Work to complete:
Each line of the material below should be reproduced exactly.
#####
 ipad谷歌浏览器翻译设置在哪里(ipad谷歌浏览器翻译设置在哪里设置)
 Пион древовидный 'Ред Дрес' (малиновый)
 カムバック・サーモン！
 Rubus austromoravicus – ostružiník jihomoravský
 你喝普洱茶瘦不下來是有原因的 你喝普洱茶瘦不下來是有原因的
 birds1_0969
#####
The answer:
 ipad谷歌浏览器翻译设置在哪里(ipad谷歌浏览器翻译设置在哪里设置)
 Пион древовидный 'Ред Дрес' (малиновый)
 カムバック・サーモン！
 Rubus austromoravicus – ostružiník jihomoravský
 你喝普洱茶瘦不下來是有原因的 你喝普洱茶瘦不下來是有原因的
 birds1_0969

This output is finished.